REQUIRED ACTION.
An exact transcription is needed of the lines below from the one with "Holztür mit Vintage" through the one with "Advent Wreath with", with no other lines and no pictures.

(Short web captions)

● ● ●

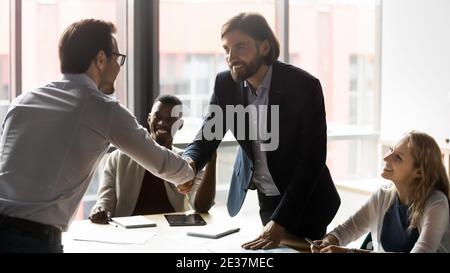 Happy two caucasian businessmen in formal wear shaking hands. Stock Photo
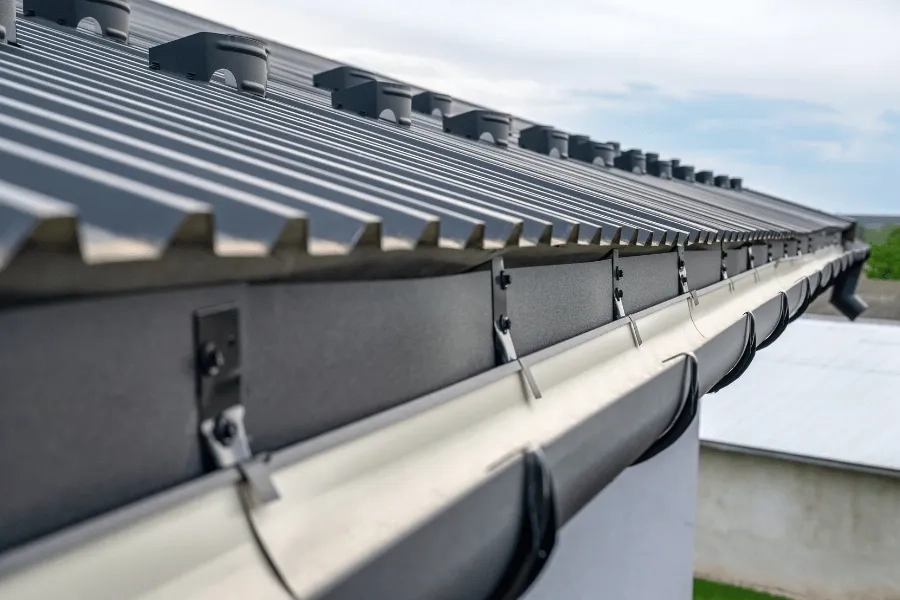 Precision Gutters LLC galvalume gutter installation on metal roof structure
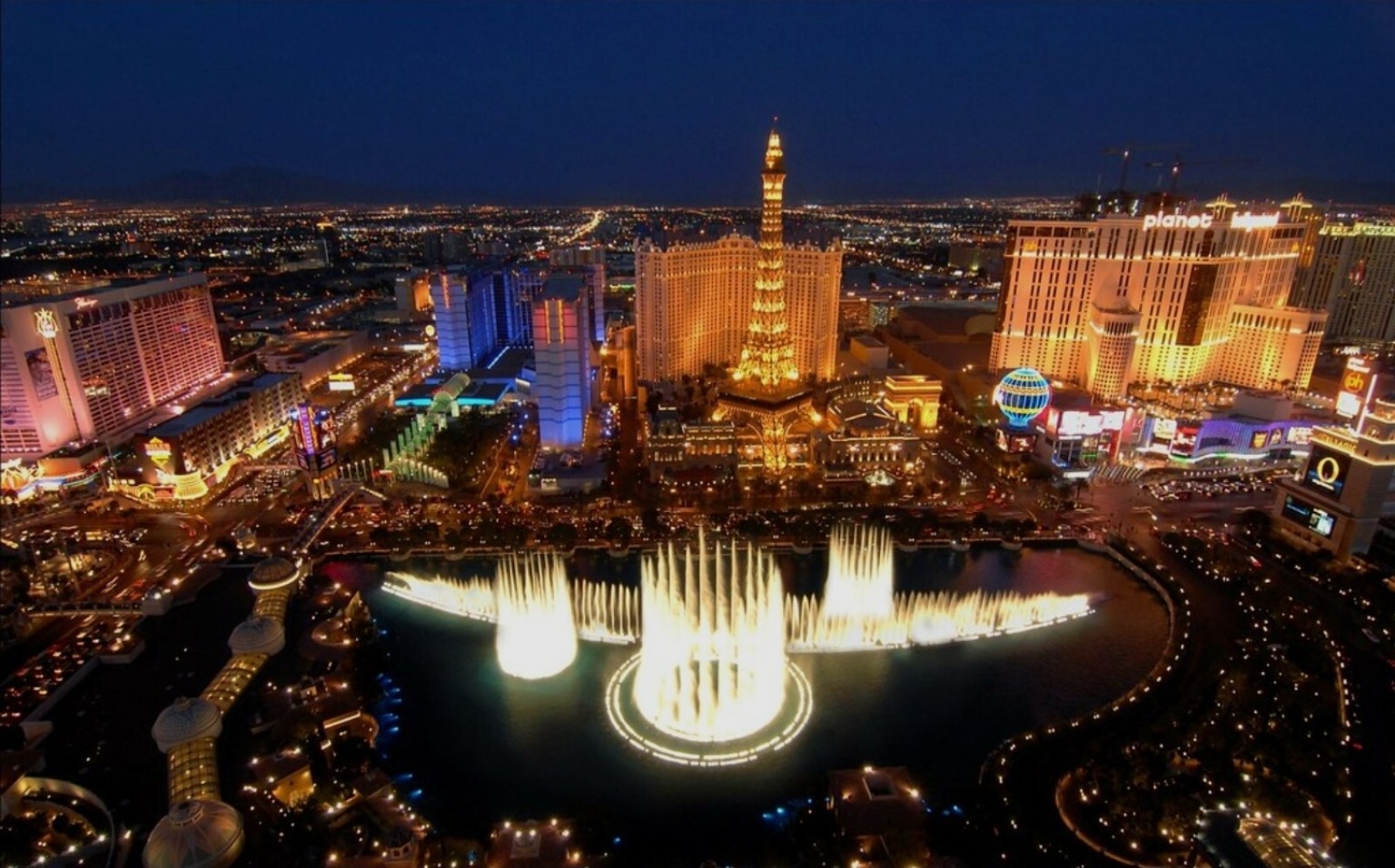 Las Vegas Strip à noite, com a Torre Eiffel do Paris Las Vegas e as fontes do Bellagio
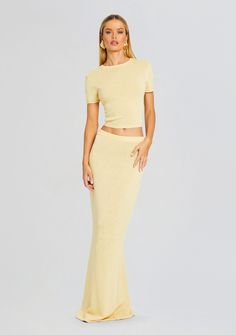 Upgrade your wardrobe in SER.O.YA's Kora Skirt. This chic mid-rise maxi skirt is crafted from a breathable knit fabric for ultimate comfort and style. Pair with the Clare Baby Tee for a co-ord look. Shown here in Butter. 39% Linen, 31% Cotton, 30% Nylon Made in China Model is 5'10" wearing size XS Style No. 3839-16 ABO Chic Spring Maxi Skirt For Loungewear, Chic Maxi Skirt For Loungewear, Chic Loungewear Maxi Skirt, Chic Ribbed Maxi Skirt For Spring, Spring Ribbed Stretch Maxi Skirt, Spring Stretch Ribbed Maxi Skirt, Fitted Ribbed Maxi Skirt For Spring, Fitted Ribbed Maxi Skirt, Bridal Reception Dress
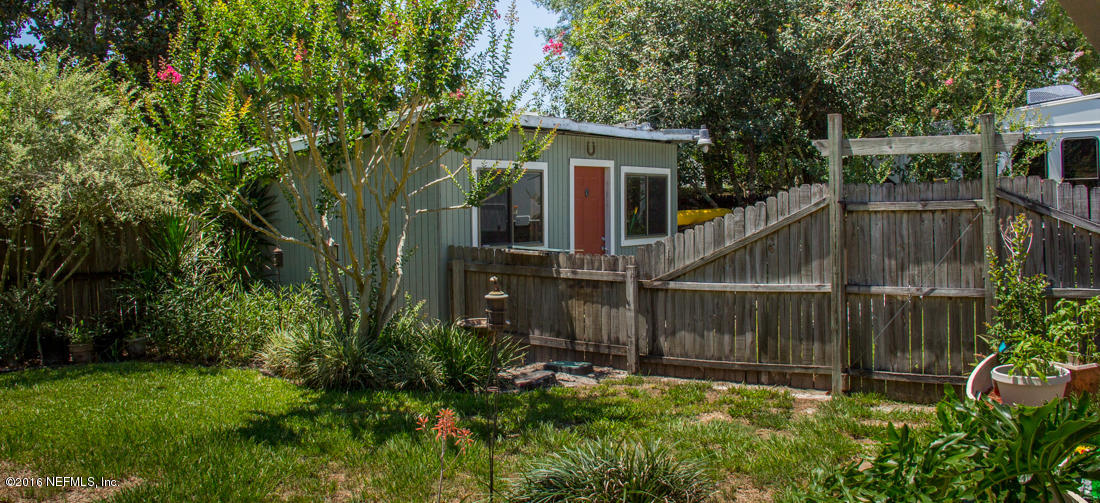 12594 Agatite Road Jacksonville, FL 32258 - Photo 47 of 49 a backyard of a house with lots of green space and fountain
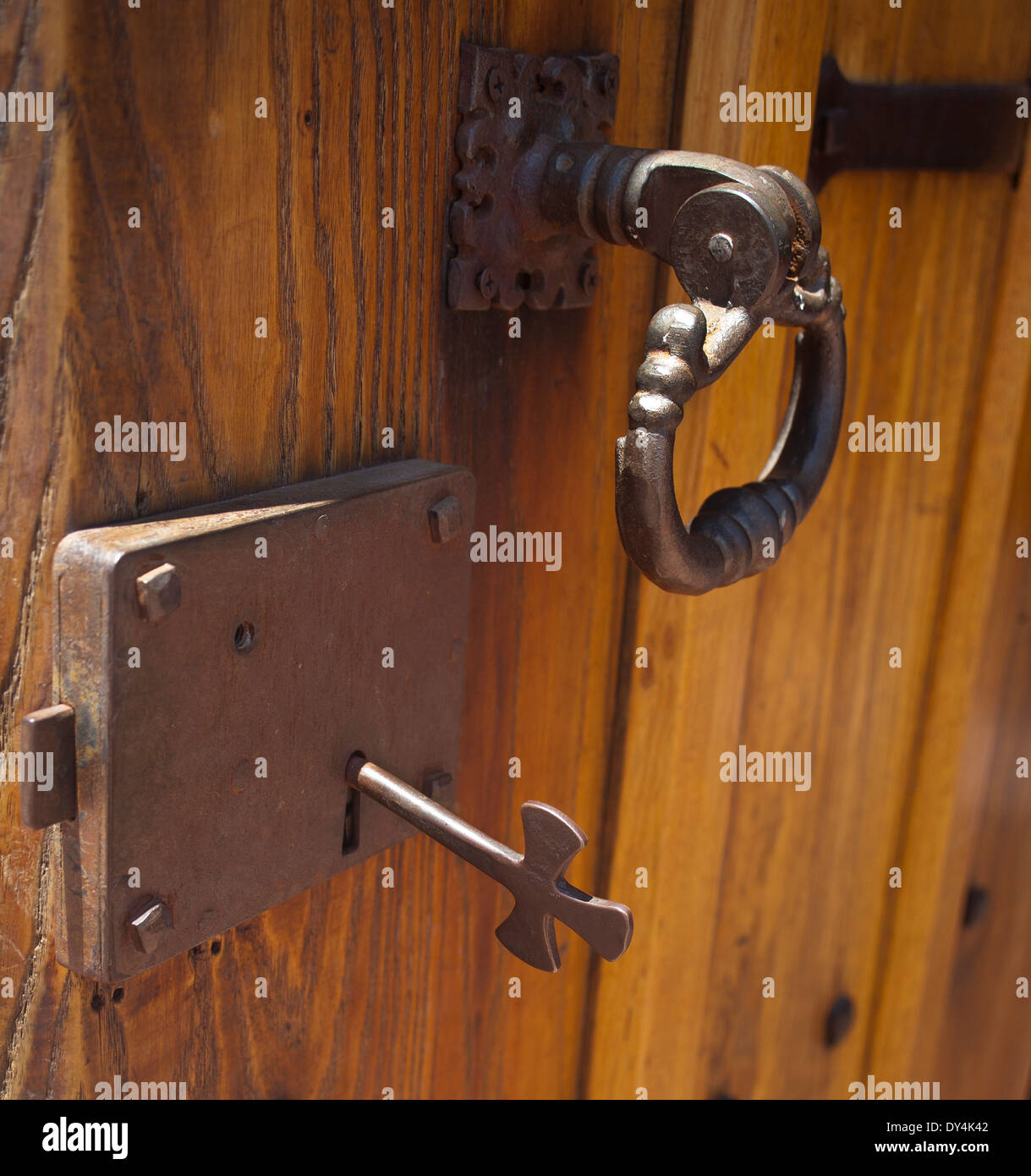 Holztür mit Vintage Metall Türgriff und Schloss mit dem Schlüssel in das Schlüsselloch. Schlüssel hat ein Kreuz drauf Stockfoto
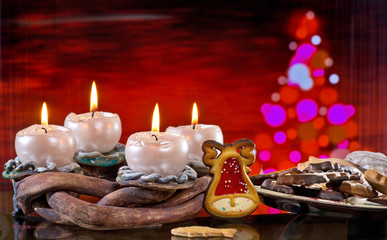 Advent Wreath with Burning Candles on the Red Background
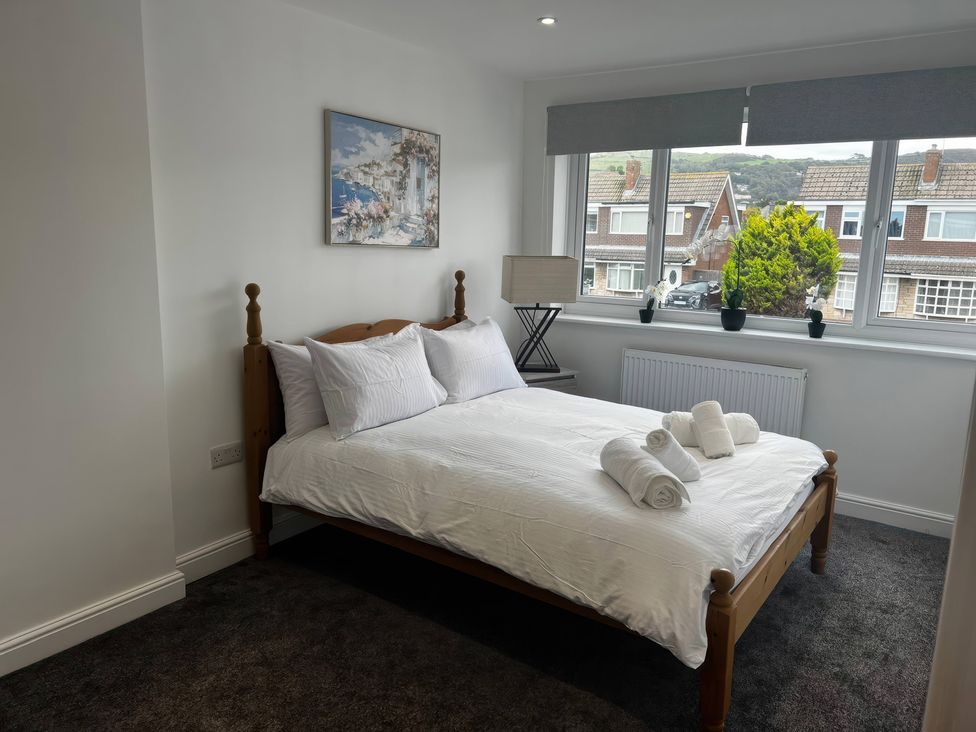 A bedroom with a bed and side table at 21 Bastion Gardens Prestatyn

● ● ●

TASK ANSWER.
 Holztür mit Vintage Metall Türgriff und Schloss mit dem Schlüssel in das Schlüsselloch. Schlüssel hat ein Kreuz drauf Stockfoto
 Advent Wreath with Burning Candles on the Red Background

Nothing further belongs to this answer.